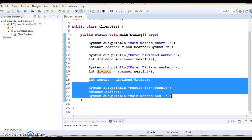Hello friends, my name is Kishan and welcome to this video tutorial. This is the second video on exception handling in Java. In this video tutorial, we'll try to understand why exception handling is required in Java.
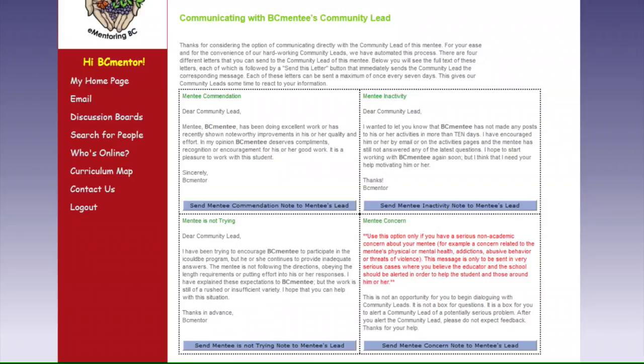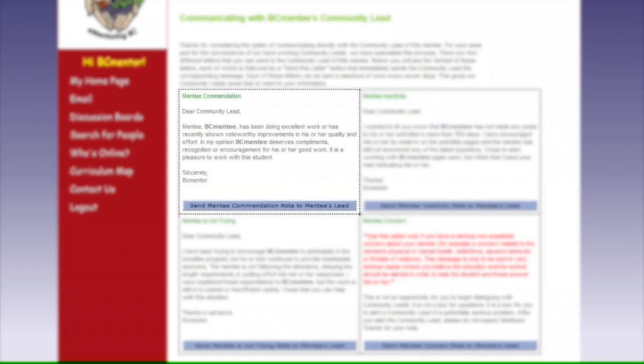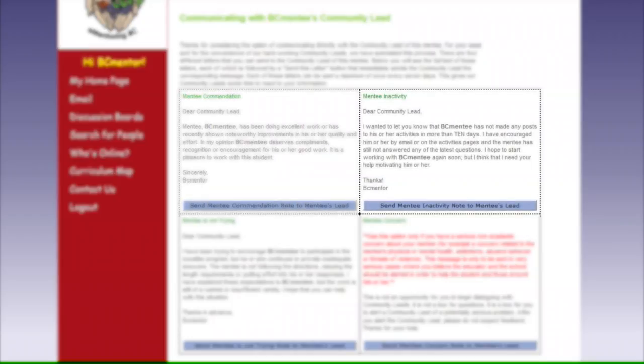There are four templates you can choose from. 1. Commendation. Use this if you want to let the Community Lead know what a great job your mentee is doing.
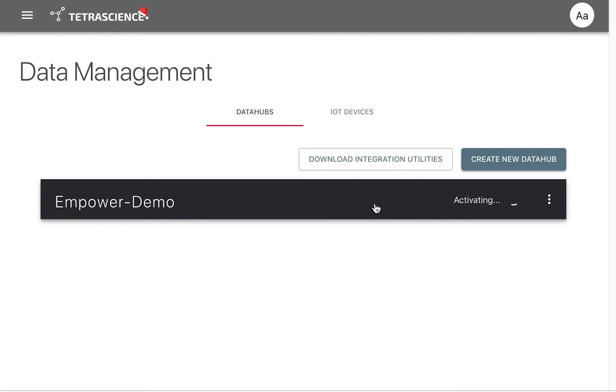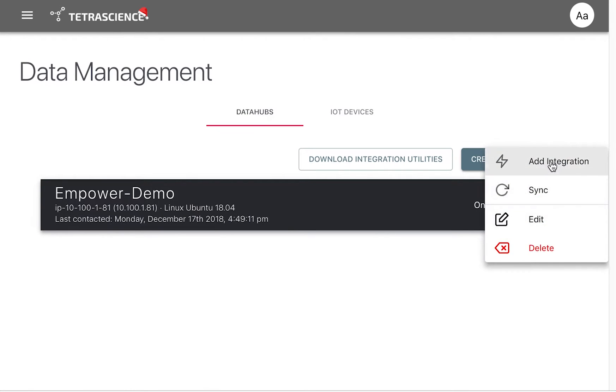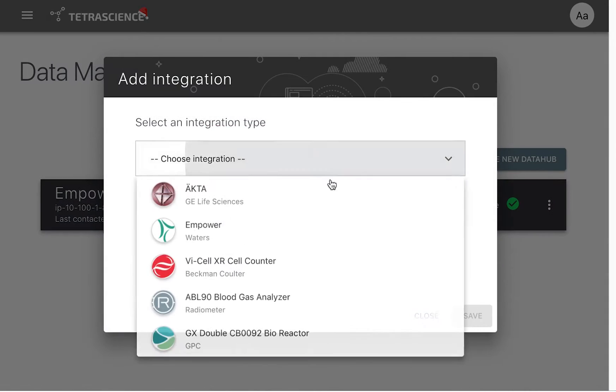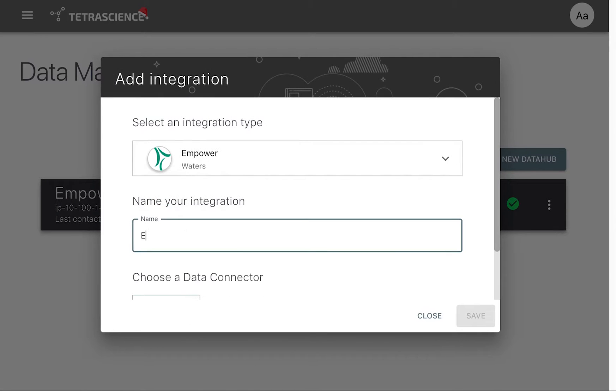From this page, users may monitor the status of all their connections. Next, we will integrate Empower and associate it with the Data Hub we just set up.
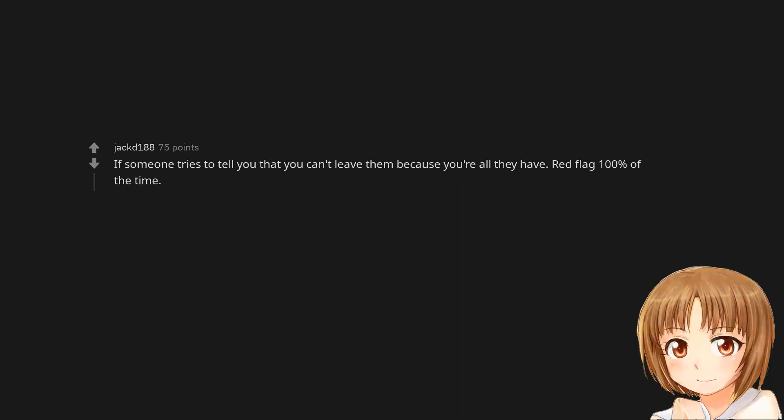If someone tries to tell you that you can't leave them because you're all they have, red flag 100% of the time.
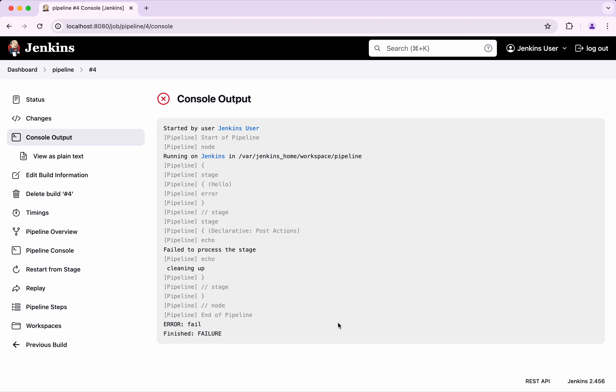In this demo we have seen how to use the post section in Jenkins pipeline. If you like this demo please do like, share, and subscribe. Thanks for watching the demo.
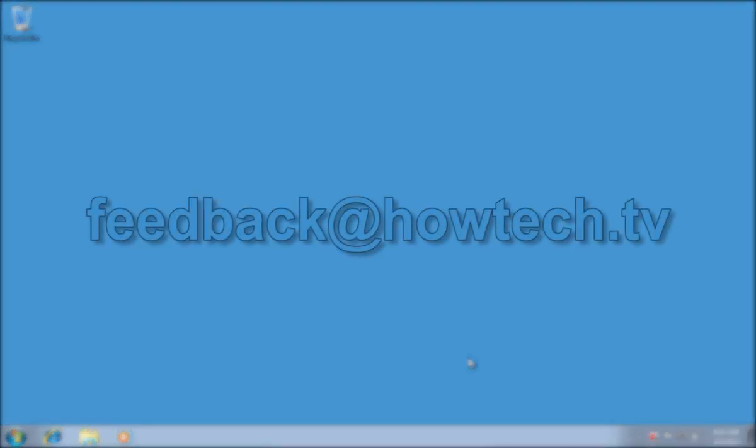Leave comments and send your questions to our email. This was a HowTechTV tutorial. Thank you for watching.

------------------------------------

* Task item: Give every entry above again, exactly, and keep all pictures out of it.

* Worked solution:
Hello friends, my name is Kishan and welcome to this video tutorial. This is the second video on exception handling in Java. In this video tutorial, we'll try to understand why exception handling is required in Java.
There are four templates you can choose from. 1. Commendation. Use this if you want to let the Community Lead know what a great job your mentee is doing.
From this page, users may monitor the status of all their connections. Next, we will integrate Empower and associate it with the Data Hub we just set up.
If someone tries to tell you that you can't leave them because you're all they have, red flag 100% of the time.
In this demo we have seen how to use the post section in Jenkins pipeline. If you like this demo please do like, share, and subscribe. Thanks for watching the demo.
Leave comments and send your questions to our email. This was a HowTechTV tutorial. Thank you for watching.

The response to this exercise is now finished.